日本地球惑星科学連合2019年大会

講演情報

[E] ポスター発表

セッション記号 S (固体地球科学) » S-IT 地球内部科学・地球惑星テクトニクス

[S-IT24] Attenuation from crust to core: in situ experiments, observaions and implications

2019年5月26日(日) 17:15 〜 18:30 ポスター会場 (幕張メッセ国際展示場 8ホール)

コンビーナ:小西 健介(台湾中央研究院地球科学研究所)、片山 郁夫(広島大学大学院理学研究科地球惑星システム学専攻)、芳野 極(岡山大学惑星物質研究所)、Alexandre Schubnel(CNRS)

[SIT24-P03] 3-D elastic and anelastic structure of the lowermost mantle beneath the western Pacific from finite-frequency tomography

*小西 健介1冨士 延章2Deschamps Frederic1 (1.台湾中央研究院地球科学研究所、2.パリ地球物理研究所)

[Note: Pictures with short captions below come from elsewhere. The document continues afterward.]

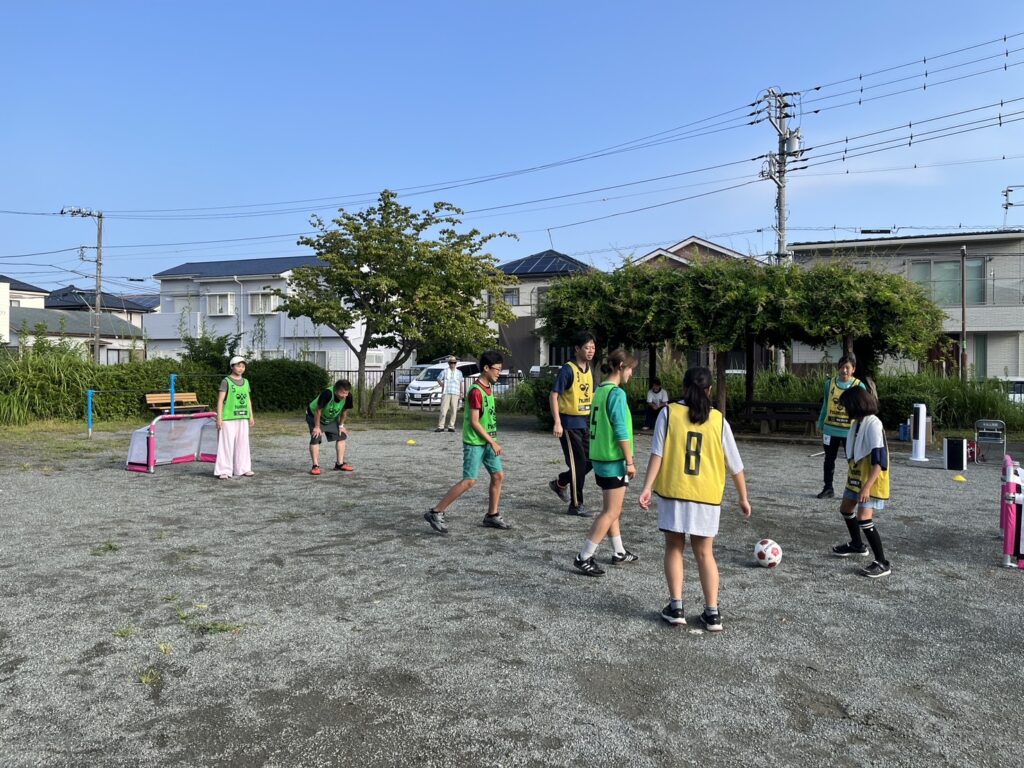 夏目選手、松崎選手、鈴木璃萊選手　朝から元気にラジオ体操に参加！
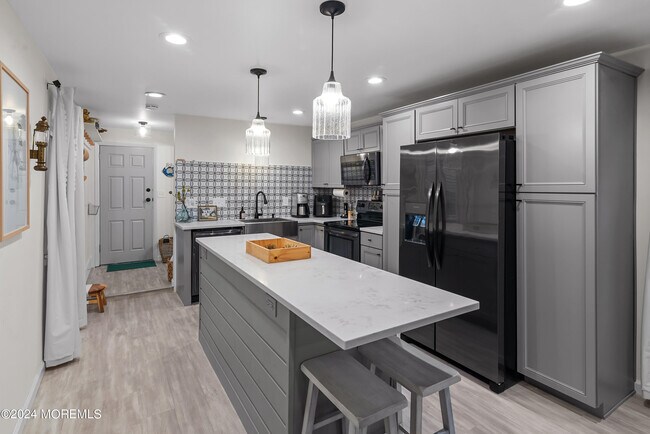 Photo - 81 Franklin Ave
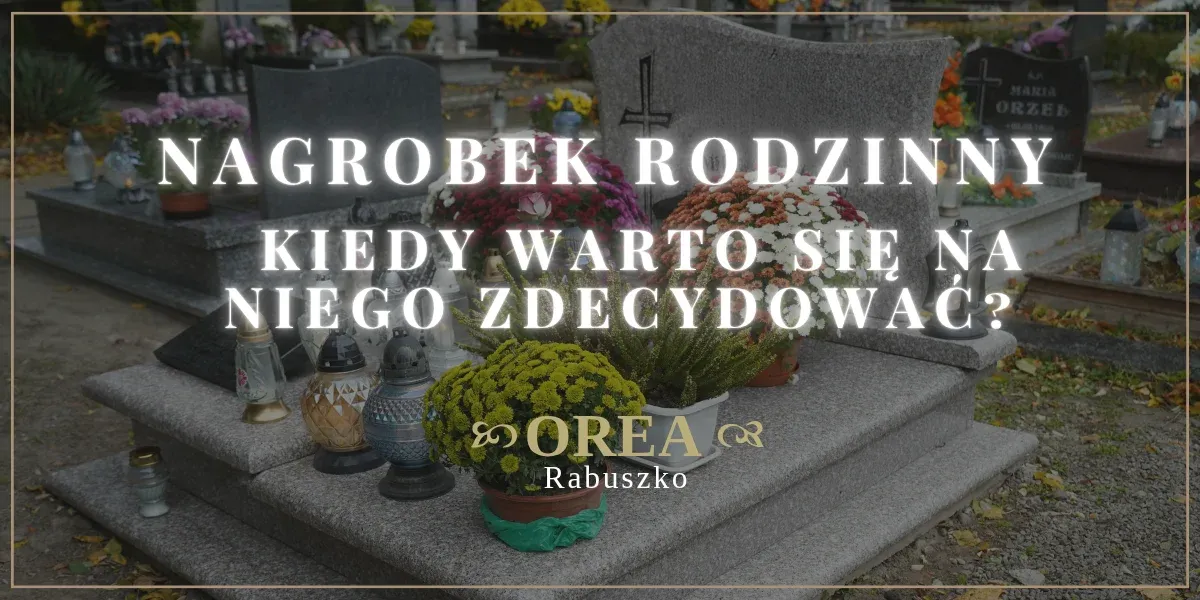 Nagrobek rodzinny z jasnego granitu z kwiatami i zniczami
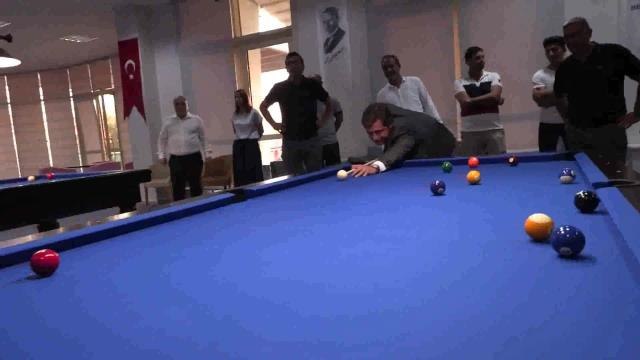 İzmir yerel haberleri... Çiğli'de Cumhuriyet ve Demokrasi Parkı Yüzme Havuzu Spor Kompleksi Açıldı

キーワード:非弾性減衰、最下部マントル、波形インバージョン

We introduce a finite-frequency tomography method as to simultaneously obtain 3-D shear velocity (VS) and seismic attenuation (described as quality factor Q) structures using travel time and amplitude data. We apply this method to the mapping of VS and Q structure in the lowermost mantle beneath the western Pacific, at an edge of the Pacific large low shear velocity province (LLSVP). We used S and ScS waves of seismograms for 31 earthquakes which occurred around the region of Tonga and Fiji. Our dataset consists of the transverse components of 1341 traces obtained from the F-net Japanese seismic station network. The waveform data is rendered to a bandpass filter of a range of 12.5–200 s, corresponding to 0.005–0.08 Hz. Both shear velocity and attenuation (Q) have lower values than PREM at the center of the bottom depth range. This feature is robust per a variety of inversions in different inversion configurations. Based upon the obtained shear velocity and attenuation (Q), we also predict possible temperature anomalies in this region. Discrepancy between the temperature anomalies predicted by the two data sets suggests that shear velocity anomalies result not only from temperature anomalies but chemical anomalis. Assuming that Q-anomalies are a good proxy for temperature, and that compositional anomalies primarily consist of an excess in iron oxide and depletion, we propose a possible thermal and compositional structure for this region. Revisions to fundamental analytical software have been effected such that more varieties of waveform analysis may be performed, utilizing progressively larger datasets. The design of packages for the computation of forward propagation has been refined to greater efficiency. The purpose, for the present, is to enable the Montecarlo inversion of waveforms. We will present the current version of the software, and demonstrate preliminary attempts to perform the Montecarlo inversion.